This isn't unprecedented to have sitting politicians jump sides: Ben Nighthorse Campbell switched from D to R back in 1995, and Jim Jeffords went Indy when the Bush the Lesser GOP treated him like, well a Dem.

There'd been speculation for a good while (since 2006, actually) that some of the moderate/centrist Republicans might make a move like this, especially as their own party was driving them out of office. Examples include Lincoln Chafee, Wayne Gilchrest, and a few others that have been targeted with harsh primary challenges by the likes of the Club for Greed. What happens is that the Club for Greed notices any Republican refusing to stick to the "Cut Taxes" script, quickly labels them "RINOs" and a threat to party unity, finds a hard-line anti-tax pro-life candidate to challenge in a primary (something few incumbants face), runs a hard-right campaign that forces the incumbant to turn further right on the political spectrum, and because the challenger actually gets more party support (!) the challenger either wins or else loses in a close nailbiter. The GOP candidate then goes on to the general election in a weakened state, because either the far-right candidate is now running and is unpalatable to the general voting public (as what happened to Gilchrest's seat) or the surviving incumbant has been forced to accept an unpalatable platform and faces a greater chance of losing to a Democrat (as what happened to Chafee).

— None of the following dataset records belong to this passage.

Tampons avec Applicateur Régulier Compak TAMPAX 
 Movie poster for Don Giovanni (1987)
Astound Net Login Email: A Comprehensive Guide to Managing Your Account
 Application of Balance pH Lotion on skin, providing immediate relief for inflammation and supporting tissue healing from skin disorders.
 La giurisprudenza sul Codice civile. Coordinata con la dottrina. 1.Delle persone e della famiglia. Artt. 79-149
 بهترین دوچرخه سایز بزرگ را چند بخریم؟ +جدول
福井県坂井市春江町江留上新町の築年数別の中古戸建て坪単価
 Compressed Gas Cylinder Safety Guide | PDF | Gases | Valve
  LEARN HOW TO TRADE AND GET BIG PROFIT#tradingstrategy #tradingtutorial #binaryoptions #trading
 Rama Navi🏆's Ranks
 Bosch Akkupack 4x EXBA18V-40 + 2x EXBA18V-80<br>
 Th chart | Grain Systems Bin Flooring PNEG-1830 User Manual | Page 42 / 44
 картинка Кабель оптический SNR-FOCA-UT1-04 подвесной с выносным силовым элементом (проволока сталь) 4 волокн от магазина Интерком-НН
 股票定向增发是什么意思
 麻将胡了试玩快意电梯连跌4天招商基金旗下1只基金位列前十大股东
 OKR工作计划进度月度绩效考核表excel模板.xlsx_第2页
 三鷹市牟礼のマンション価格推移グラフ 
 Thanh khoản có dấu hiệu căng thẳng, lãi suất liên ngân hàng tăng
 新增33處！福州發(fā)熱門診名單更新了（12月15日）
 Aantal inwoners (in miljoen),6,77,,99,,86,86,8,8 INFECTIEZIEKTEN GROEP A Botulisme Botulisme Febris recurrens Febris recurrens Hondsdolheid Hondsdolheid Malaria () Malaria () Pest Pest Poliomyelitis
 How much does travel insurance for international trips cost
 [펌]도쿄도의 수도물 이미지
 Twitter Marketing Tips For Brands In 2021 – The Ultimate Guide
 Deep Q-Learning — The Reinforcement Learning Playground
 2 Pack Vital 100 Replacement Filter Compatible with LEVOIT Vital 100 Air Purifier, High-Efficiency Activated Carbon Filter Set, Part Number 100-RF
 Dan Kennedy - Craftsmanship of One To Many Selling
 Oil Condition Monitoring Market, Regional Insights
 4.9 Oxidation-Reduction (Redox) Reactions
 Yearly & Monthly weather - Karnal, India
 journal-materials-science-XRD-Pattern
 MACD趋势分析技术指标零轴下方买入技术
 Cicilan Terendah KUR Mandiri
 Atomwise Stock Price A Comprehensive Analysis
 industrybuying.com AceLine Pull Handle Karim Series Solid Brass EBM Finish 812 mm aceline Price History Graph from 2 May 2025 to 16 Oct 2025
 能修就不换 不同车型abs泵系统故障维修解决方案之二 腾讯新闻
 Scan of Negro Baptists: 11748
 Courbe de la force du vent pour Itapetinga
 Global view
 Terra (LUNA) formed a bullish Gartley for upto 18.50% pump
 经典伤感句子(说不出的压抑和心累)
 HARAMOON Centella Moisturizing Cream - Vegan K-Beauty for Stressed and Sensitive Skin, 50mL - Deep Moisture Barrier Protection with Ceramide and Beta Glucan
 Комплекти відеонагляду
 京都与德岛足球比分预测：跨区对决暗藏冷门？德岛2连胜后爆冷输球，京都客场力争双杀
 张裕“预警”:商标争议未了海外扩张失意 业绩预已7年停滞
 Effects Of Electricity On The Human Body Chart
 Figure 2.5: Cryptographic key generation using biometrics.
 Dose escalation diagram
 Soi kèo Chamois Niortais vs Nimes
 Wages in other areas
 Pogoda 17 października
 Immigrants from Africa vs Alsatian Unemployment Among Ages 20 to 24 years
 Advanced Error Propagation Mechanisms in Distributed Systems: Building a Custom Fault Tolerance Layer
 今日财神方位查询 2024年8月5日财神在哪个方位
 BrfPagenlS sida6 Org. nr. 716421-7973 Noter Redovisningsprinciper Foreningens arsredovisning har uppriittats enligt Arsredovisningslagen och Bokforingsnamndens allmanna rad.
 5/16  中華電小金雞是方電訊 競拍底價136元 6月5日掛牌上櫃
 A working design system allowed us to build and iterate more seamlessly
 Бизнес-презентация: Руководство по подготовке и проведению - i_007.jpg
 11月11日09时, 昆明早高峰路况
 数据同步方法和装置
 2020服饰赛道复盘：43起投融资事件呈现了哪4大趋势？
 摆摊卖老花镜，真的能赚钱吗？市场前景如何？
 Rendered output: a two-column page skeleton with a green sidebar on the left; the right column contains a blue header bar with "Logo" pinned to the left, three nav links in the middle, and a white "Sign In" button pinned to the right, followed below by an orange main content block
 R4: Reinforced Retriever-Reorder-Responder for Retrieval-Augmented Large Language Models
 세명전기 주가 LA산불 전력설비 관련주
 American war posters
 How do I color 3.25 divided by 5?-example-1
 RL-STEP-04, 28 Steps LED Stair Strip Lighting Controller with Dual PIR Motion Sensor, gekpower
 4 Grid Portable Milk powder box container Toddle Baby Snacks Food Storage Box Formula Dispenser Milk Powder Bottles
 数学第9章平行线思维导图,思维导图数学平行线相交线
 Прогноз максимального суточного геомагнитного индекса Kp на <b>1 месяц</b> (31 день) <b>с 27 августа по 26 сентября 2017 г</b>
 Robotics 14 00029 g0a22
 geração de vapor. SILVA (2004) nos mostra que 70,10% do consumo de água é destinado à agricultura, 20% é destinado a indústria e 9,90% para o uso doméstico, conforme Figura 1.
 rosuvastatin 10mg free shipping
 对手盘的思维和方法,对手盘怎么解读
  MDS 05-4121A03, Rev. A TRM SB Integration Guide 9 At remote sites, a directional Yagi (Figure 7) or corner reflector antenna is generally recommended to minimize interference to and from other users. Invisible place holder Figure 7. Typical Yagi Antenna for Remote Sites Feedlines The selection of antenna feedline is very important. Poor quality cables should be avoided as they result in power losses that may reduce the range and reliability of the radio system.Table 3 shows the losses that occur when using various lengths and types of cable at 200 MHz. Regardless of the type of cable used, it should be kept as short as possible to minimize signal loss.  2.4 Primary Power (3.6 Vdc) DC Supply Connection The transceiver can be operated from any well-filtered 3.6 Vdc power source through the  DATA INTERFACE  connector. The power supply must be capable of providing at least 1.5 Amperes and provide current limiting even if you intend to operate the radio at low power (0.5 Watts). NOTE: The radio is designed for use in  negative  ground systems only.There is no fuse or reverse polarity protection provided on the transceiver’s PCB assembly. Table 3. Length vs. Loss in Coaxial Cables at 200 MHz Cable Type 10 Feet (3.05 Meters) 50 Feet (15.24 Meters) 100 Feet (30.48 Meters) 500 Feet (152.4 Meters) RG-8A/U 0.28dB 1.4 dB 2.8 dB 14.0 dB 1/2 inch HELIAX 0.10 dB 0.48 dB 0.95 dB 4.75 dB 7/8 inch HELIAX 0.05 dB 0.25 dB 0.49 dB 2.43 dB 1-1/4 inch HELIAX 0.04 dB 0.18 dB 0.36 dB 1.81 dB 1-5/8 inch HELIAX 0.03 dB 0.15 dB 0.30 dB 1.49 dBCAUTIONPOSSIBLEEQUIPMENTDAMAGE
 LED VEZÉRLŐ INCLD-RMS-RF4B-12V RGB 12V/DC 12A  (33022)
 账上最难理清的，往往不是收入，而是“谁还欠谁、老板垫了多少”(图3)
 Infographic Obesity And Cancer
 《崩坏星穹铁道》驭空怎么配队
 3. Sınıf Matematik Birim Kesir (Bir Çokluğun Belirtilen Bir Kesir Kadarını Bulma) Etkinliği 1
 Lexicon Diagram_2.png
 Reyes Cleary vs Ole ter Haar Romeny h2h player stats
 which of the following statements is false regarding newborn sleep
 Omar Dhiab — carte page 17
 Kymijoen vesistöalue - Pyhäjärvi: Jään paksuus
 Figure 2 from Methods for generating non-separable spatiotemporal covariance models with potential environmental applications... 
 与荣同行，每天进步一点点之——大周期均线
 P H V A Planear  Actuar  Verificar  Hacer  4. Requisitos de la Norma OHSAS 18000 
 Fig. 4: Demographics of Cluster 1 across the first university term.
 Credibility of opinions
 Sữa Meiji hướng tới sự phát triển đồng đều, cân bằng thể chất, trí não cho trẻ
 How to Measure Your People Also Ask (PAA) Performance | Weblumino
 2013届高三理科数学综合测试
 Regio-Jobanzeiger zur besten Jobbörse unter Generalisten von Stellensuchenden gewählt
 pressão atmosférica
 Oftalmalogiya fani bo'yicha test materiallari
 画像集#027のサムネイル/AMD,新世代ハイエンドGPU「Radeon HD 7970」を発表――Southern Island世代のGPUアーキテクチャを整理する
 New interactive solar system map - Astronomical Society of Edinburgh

See, the problem is, the Club for Greed doesn't care. They don't care that fixating on an extremist ideology and forcing candidates further right than they should go would actually make their Republican allies LOSE SEATS and thus lose political power and prestige. They only care that they stay on message, and that the GOP stays on THEIR message. And then they think they can bully enough moderates into buy their trick pony show. Which is why every economic platform the Republicans have offered since 1980, 84, 88, 92, 96, 2000, 2004, and 2008 have been tax cuts, tax cuts, relaxed business regulations, and more tax cuts. Any Republican comes out and says "You know, tax cuts hadn't created jobs, and we need to raise funds to build more schools" and inside of ten seconds the Club for Greed will have a primary challenger signing up at the state courthouse.

Let us do be honest: Arlen Specter is only doing this for Arlen Specter. If there's anything an elected incumbant holds sacred, it's their own job security. Specter had already faced a Club-backed primary challenger before and barely held his own. Today, he's facing that same challenger and this time there's 200,000 fewer registered Republicans (those voters mostly switched to Democrats during the Obama-Hillary primary fight) who were the moderates keeping Specter safe. The prelimary polling had Toomey winning the primary (can't currently find the polling numbers, I think it was like 60 to 38 percent) all because the Pennsylvanian GOP was now thoroughly dominated by the Far Right. This is, by the by, a perfect example of what happens when you drive all the RINOs out: You end up losing, because now that Specter's a Democrat he can beat Toomey by a comfortable margin.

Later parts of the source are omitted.